LogicOp logicOp; ///< Logic operation to perform.
#if PAL_CLIENT_INTERFACE_MAJOR_VERSION < 904
bool uavExportSingleDraw; ///< When UAV export is enabled, acts as a hint that only a single draw
/// is done on a color target with this or subsequent pipelines before
/// a barrier. Improves performance by allowing pipelines to overlap.
#endif
ColorTargetInfo target[MaxColorTargets]; ///< Per-MRT color target info.
};
/// Specifies properties for creation of a graphics @ref IPipeline object. Input structure to
/// IDevice::CreateGraphicsPipeline().
struct GraphicsPipelineCreateInfo
{
PipelineCreateFlags flags; ///< Flags controlling pipeline creation.
const void* pPipelineBinary; ///< Pointer to Pipeline ELF binary implementing the Pipeline ABI
/// interface.
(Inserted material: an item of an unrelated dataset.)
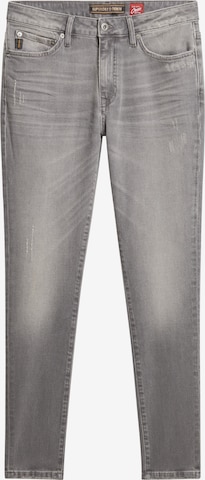 Skinny Jean Superdry en gris : devant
The Pipeline ELF contains pre-compiled shaders,
/// register values, and additional metadata.
size_t pipelineBinarySize; ///< Size of Pipeline ELF binary in bytes.
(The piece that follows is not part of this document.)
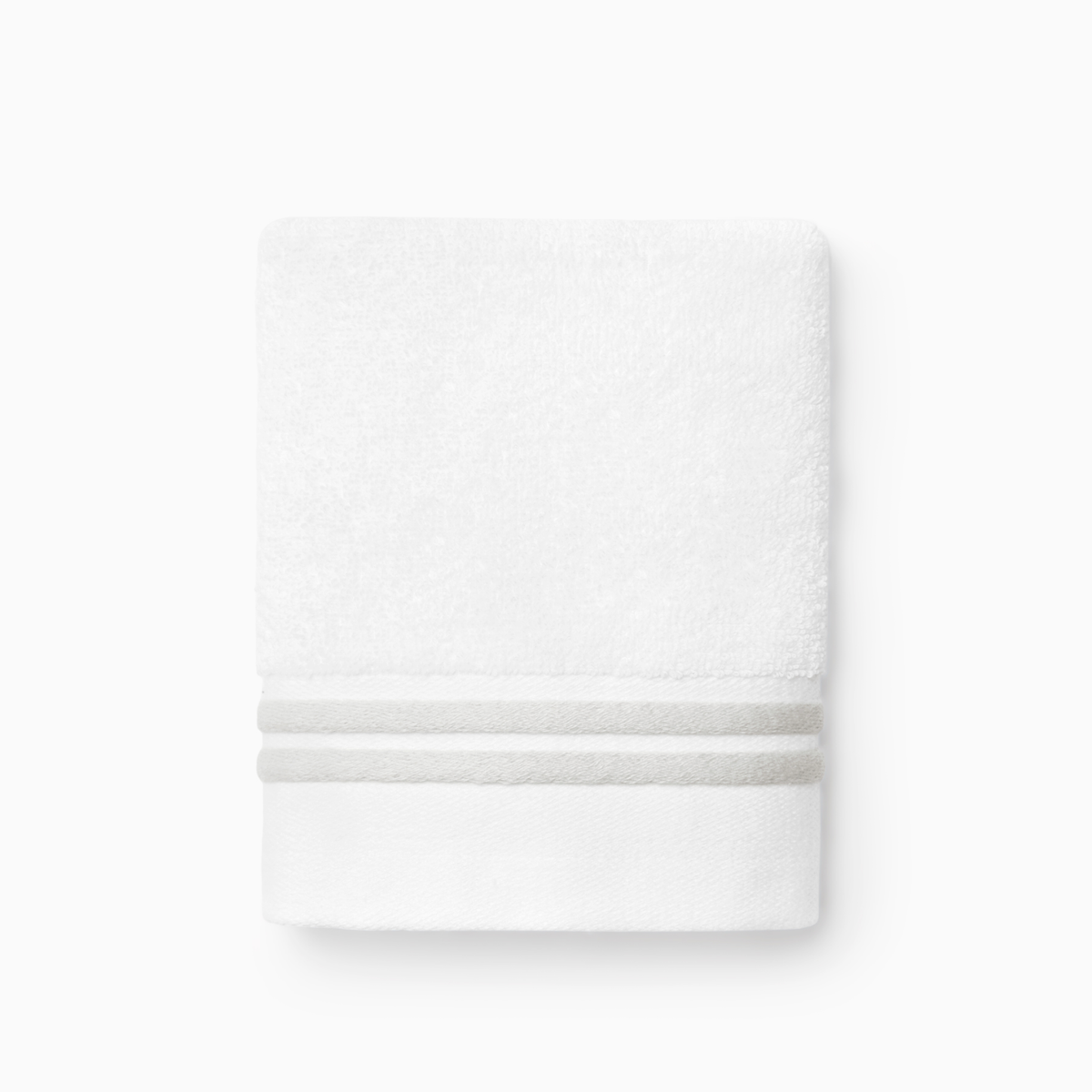 Silo of Sferra Aura Nuova Wash Cloth in White and Lunar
const IShaderLibrary** ppShaderLibraries; ///< An array of graphics @ref IShaderLibrary object. pPipelineBinary
/// and ppShaderLibraries can't be valid at the same time.
size_t numShaderLibraries; ///< Number of graphics shaderLibrary object in ppShaderLibraries.
bool useLateAllocVsLimit; ///< If set, use the specified lateAllocVsLimit instead of PAL internally
/// determining the limit.
uint32 lateAllocVsLimit; ///< The number of VS waves that can be in flight without having param
/// cache and position buffer space. If useLateAllocVsLimit flag is set,
/// PAL will use this limit instead of the PAL-specified limit.
bool useLateAllocGsLimit; ///< If set, use the specified lateAllocVsLimit instead of PAL internally
/// determining the limit.
uint32 lateAllocGsLimit; ///< Controls GS LateAlloc val (for pos/prim allocations NOT param cache)
/// on NGG pipelines. Can be no more than 127.
struct
{
struct
{
PrimitiveType primitiveType; ///< Basic primitive category: points, line, triangles, patches.
bool topologyIsPolygon; ///< Indicates that triangle primitives are combined to represent more
/// complex polygons. Only valid for triangle primitive types.
uint32 patchControlPoints; ///< Number of control points per patch. Only required if primitiveType
/// is PrimitiveType::Patch.
} topologyInfo; ///< Various information about the primitive topology that will be used with this pipeline.
/// All of this info must be consistent with the full topology specified by
/// ICmdBuffer::SetPrimitiveTopology() when drawing with this pipeline bound.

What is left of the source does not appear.